[DATA FOR THIS TASK Boundary: Start]
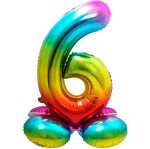 Stand Up Folienballon Zahl 6 - Regenbogen - 72 cm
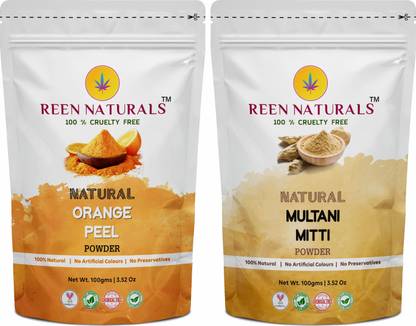 REEN NATURALS Orange Peel And Multani Mitti Powder For Skin Brightening Combo Pack 100gms Each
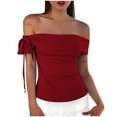 thumbnail image 1 of Fsgntruao Summer Tank Top for Women Off The Shoulder Slim Fitted Camisole Basic Sleeveless Basic Cami Shirts, 1 of 4
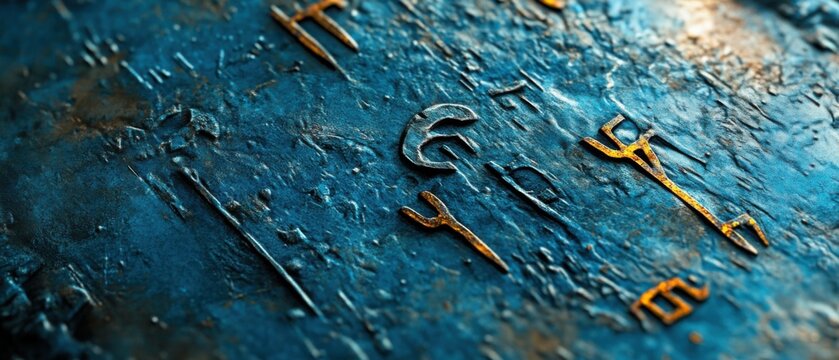 Ancient Runes Etched on Weathered Blue Stone Surface, Mystical Script and Old World Symbolism Concept of history, mythology, and archaeology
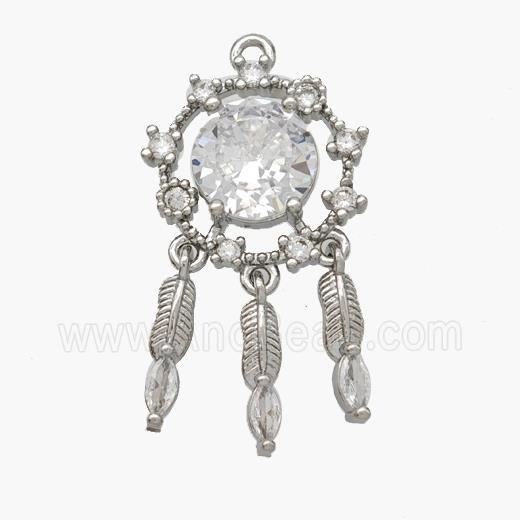 Copper Flower Pendant Pave Crystal Glass Tassel Platinum Plated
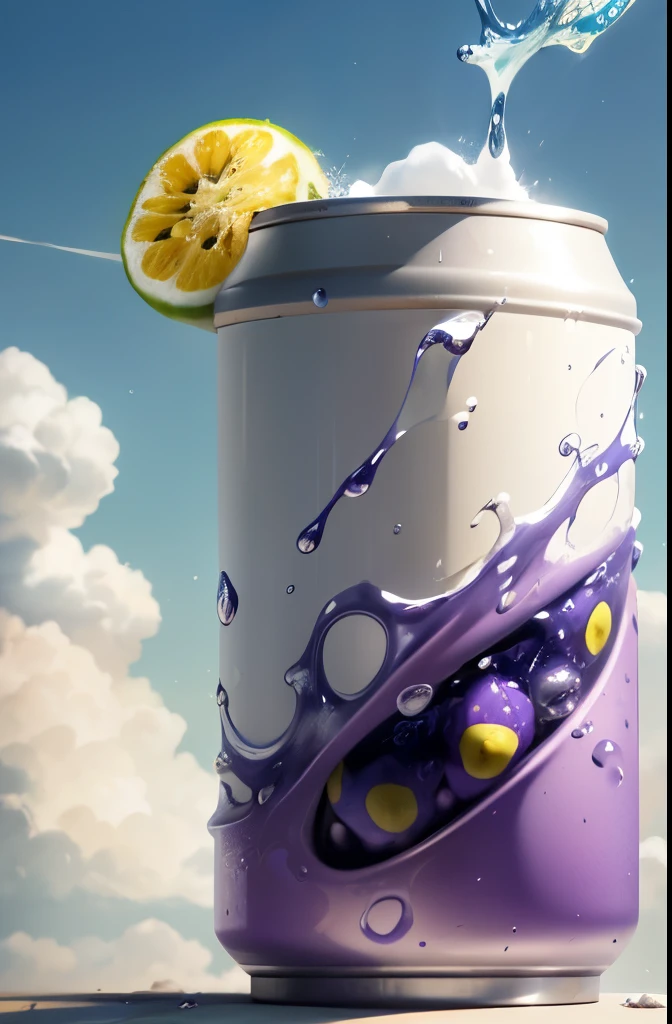 RAW photo, Vertical small and tall thin 2.5&quot; Beverage Can, Filled with standard 250ml matte purple liquid., Slightly tilted upward, facing the camera in a charming pose, Floating in the blue sky, filled with billowing white clouds., Pieces of bright passion fruit and small ice cubes, suspended in the air, scattered around., Everything is located in an abstract and bright space., topic, covering passion fruit and sky blue shades., Condensation forms intricate patterns on the can, Shiny water droplets, ultra high definition, A high resolution, detailed, hyperreal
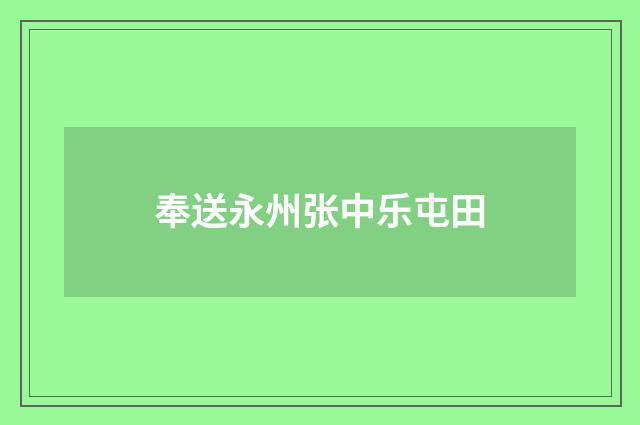 奉送永州张中乐屯田
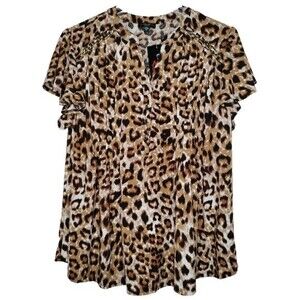 Cocomo Women's Plus Size 2X Tan Multi Animal Print Pintuck Flutter Sleeve Top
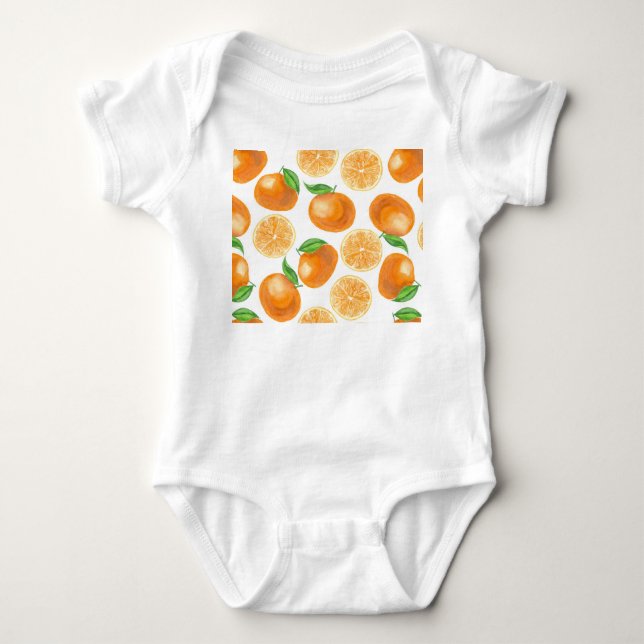 Watercolor tangerines baby bodysuit (Front)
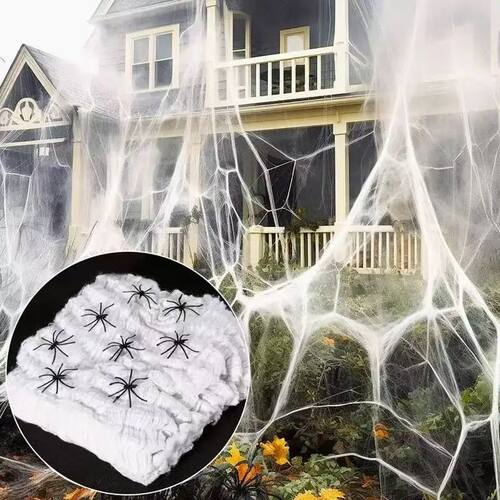 Halloween Decoration Spider Web,Artificial Cobweb,Stretchy C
[DATA FOR THIS TASK Boundary: End]
## TASK OBJECTIVE
Go back to the listing above and write out the lines starting at the one with "thumbnail image 1" and ending at the one with "Copper Flower Pendant", inclusive, exactly and without pictures.

## ANSWER BOX
 thumbnail image 1 of Fsgntruao Summer Tank Top for Women Off The Shoulder Slim Fitted Camisole Basic Sleeveless Basic Cami Shirts, 1 of 4
 Ancient Runes Etched on Weathered Blue Stone Surface, Mystical Script and Old World Symbolism Concept of history, mythology, and archaeology
 Copper Flower Pendant Pave Crystal Glass Tassel Platinum Plated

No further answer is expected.